Task
Using the records below, transcribe word for word the stretch from the line that contains "MONEDA EL CORAJE" through the line that contains "Breakfast in Hotel", both end lines included, and nothing else.

The input
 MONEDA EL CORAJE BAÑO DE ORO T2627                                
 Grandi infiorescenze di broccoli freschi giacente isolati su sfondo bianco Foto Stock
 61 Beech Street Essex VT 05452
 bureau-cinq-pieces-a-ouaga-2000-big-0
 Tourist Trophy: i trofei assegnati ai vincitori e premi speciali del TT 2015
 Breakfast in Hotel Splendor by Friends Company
...
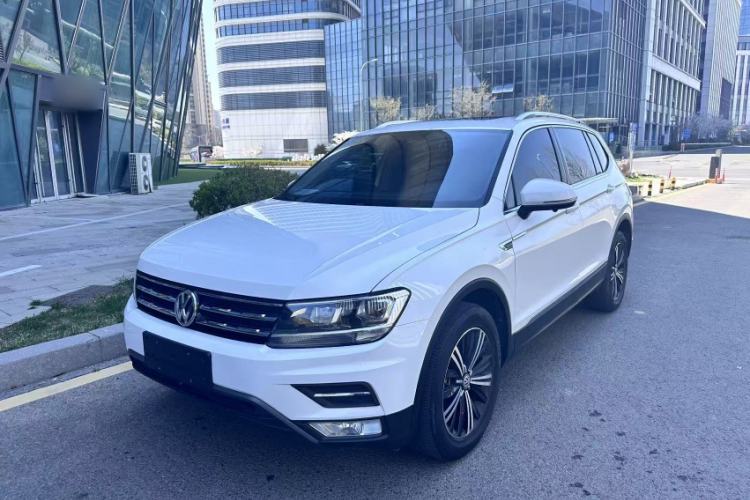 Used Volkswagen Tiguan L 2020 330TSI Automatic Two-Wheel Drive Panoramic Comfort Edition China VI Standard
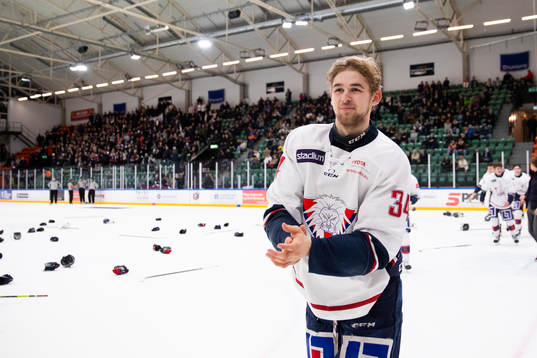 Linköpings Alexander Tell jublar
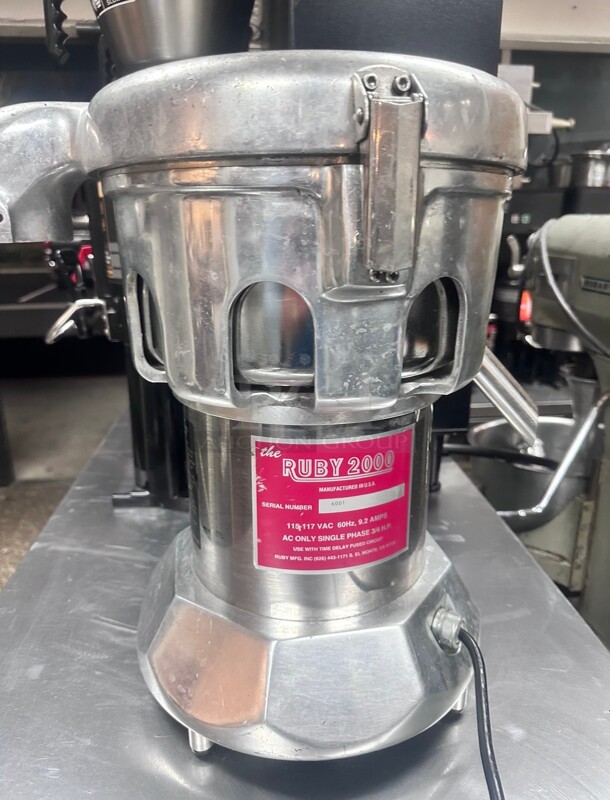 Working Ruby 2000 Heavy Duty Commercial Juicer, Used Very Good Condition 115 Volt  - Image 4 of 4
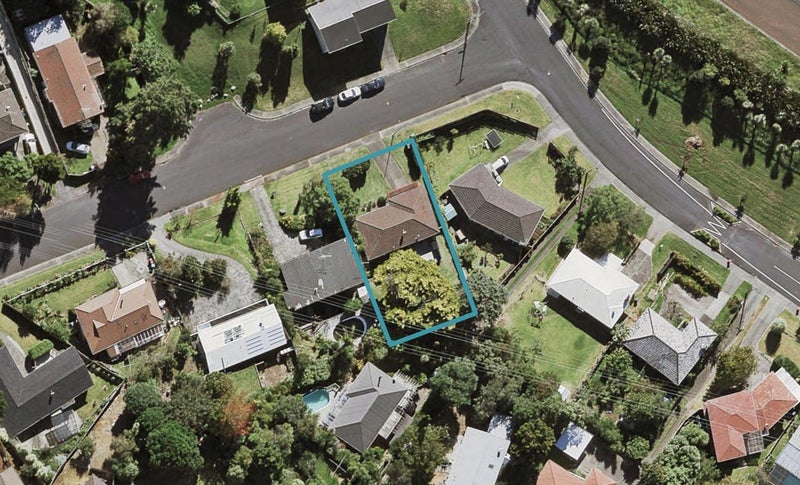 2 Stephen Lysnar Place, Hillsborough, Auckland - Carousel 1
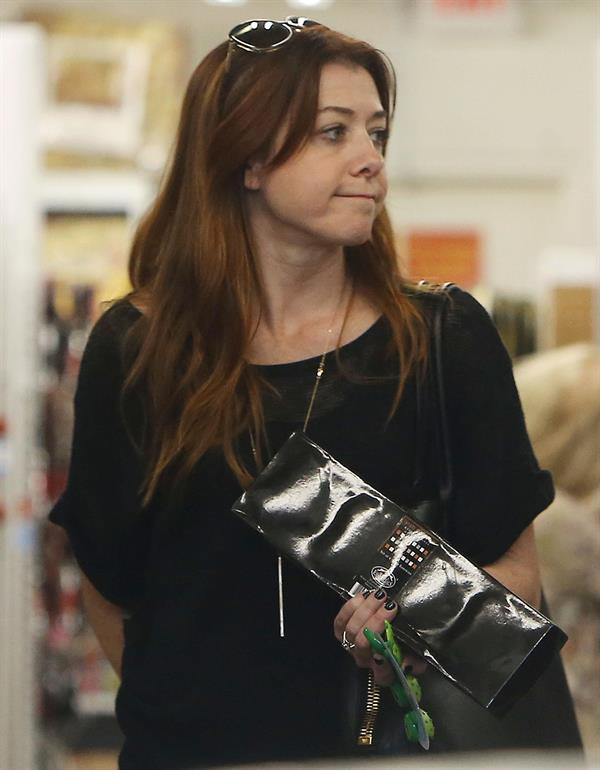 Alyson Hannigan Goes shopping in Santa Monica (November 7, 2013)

Output for this task
 MONEDA EL CORAJE BAÑO DE ORO T2627                                
 Grandi infiorescenze di broccoli freschi giacente isolati su sfondo bianco Foto Stock
 61 Beech Street Essex VT 05452
 bureau-cinq-pieces-a-ouaga-2000-big-0
 Tourist Trophy: i trofei assegnati ai vincitori e premi speciali del TT 2015
 Breakfast in Hotel Splendor by Friends Company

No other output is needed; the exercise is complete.